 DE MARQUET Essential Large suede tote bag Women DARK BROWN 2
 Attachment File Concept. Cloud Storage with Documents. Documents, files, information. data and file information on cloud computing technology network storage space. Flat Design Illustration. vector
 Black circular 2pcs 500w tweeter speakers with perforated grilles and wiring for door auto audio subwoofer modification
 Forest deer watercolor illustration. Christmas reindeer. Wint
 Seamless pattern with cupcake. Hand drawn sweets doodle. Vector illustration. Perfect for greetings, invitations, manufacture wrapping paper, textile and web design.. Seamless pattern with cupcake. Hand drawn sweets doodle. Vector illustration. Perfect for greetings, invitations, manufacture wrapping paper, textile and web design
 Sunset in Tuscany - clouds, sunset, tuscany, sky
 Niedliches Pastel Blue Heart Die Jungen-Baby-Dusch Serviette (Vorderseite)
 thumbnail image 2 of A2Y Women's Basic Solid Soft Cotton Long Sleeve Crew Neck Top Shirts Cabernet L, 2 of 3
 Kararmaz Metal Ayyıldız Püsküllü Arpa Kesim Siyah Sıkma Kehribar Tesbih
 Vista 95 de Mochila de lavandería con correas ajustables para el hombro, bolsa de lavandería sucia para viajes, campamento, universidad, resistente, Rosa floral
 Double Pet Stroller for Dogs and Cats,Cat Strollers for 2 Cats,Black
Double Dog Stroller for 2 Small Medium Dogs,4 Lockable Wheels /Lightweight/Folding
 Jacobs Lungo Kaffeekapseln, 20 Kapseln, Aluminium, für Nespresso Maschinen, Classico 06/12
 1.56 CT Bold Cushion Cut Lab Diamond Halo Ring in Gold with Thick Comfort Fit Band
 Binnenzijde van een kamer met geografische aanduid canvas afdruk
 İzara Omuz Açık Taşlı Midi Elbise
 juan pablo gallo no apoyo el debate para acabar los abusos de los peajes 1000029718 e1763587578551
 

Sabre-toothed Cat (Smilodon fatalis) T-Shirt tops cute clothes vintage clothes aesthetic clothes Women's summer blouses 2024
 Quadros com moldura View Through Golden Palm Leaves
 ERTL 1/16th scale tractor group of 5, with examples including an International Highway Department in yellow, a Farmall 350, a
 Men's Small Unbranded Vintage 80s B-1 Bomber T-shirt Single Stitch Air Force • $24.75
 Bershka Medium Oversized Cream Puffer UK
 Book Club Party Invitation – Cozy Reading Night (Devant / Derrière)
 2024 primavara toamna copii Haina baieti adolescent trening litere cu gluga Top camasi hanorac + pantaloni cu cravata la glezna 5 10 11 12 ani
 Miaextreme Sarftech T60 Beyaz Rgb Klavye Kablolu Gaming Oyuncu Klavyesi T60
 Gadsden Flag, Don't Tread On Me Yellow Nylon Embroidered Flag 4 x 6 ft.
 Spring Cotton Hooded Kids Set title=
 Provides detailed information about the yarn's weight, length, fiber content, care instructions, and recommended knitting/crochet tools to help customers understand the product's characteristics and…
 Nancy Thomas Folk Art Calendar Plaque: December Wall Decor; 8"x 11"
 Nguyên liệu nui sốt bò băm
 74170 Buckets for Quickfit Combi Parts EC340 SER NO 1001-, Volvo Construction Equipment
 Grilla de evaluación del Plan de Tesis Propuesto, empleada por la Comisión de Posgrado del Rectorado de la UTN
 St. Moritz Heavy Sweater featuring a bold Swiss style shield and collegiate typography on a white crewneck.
——————————
=== What you will do ===
Whenever the string "Double" shows up on a line of the listing, copy that line.

=== Written answer ===
 Double Pet Stroller for Dogs and Cats,Cat Strollers for 2 Cats,Black
Double Dog Stroller for 2 Small Medium Dogs,4 Lockable Wheels /Lightweight/Folding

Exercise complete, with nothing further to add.